WHAT YOU SHOULD DO :: In the records that follow, find each line with "Photo" and pull it out.
---------- GIVEN DATA
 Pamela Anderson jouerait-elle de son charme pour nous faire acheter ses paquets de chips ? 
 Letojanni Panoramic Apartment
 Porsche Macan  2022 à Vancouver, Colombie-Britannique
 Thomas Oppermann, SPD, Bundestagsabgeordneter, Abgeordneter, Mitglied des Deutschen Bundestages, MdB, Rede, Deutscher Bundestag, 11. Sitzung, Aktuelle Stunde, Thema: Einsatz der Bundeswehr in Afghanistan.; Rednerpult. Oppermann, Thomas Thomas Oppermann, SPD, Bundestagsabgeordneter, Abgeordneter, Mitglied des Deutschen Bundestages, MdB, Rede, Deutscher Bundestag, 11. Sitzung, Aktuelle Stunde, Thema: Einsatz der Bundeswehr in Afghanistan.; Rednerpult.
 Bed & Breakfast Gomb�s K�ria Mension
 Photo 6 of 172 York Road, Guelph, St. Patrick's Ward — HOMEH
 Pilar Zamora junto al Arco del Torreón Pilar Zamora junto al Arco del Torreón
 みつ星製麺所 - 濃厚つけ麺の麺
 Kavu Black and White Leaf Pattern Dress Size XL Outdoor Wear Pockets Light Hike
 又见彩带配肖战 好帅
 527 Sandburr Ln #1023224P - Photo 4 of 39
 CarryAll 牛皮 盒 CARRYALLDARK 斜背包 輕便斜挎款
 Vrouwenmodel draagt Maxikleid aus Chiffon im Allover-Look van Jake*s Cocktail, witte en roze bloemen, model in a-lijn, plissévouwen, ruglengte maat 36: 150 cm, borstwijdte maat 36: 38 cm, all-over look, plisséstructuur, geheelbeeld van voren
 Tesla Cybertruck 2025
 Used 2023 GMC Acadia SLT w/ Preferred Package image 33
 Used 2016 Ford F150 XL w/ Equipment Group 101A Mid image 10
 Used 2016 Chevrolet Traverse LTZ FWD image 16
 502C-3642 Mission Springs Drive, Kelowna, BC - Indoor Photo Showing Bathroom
--------------------
EXPECTED ANSWER ::
 Photo 6 of 172 York Road, Guelph, St. Patrick's Ward — HOMEH
 527 Sandburr Ln #1023224P - Photo 4 of 39
 502C-3642 Mission Springs Drive, Kelowna, BC - Indoor Photo Showing Bathroom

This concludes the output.